▶ Assignment
Quote exactly, and only, the lines from the one containing "Jovem mulher grávida" through the end of the material below. Skip pictures.

▶ Supplied data
►

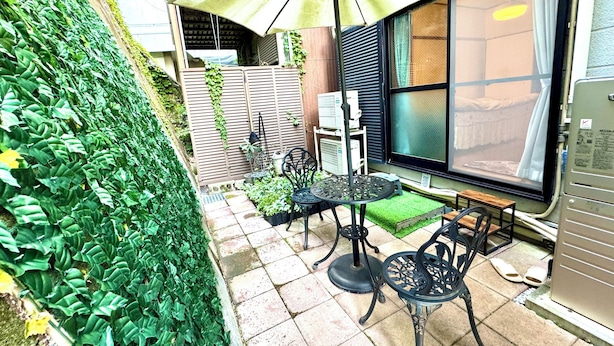Een terras met een tafel, stoelen, een grote parasol en uitzicht op een gebouw met een raam.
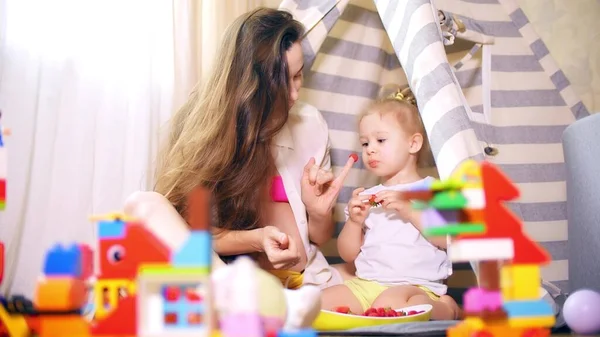 Jovem mulher grávida e sua filha comem bagas na tenda de brinquedo em casa — Fotografia de Stock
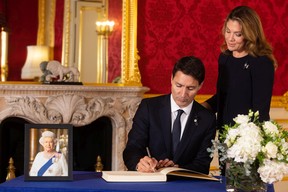 Prime Minister of Canada Justin Trudeau and his wife Sophe Trudeau sign a book of condolence at Lancaster House following the death of Queen Elizabeth II, on Sept. 17, 2022 in London, England.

◄

▶ Answer for the task
 Jovem mulher grávida e sua filha comem bagas na tenda de brinquedo em casa — Fotografia de Stock
 Prime Minister of Canada Justin Trudeau and his wife Sophe Trudeau sign a book of condolence at Lancaster House following the death of Queen Elizabeth II, on Sept. 17, 2022 in London, England.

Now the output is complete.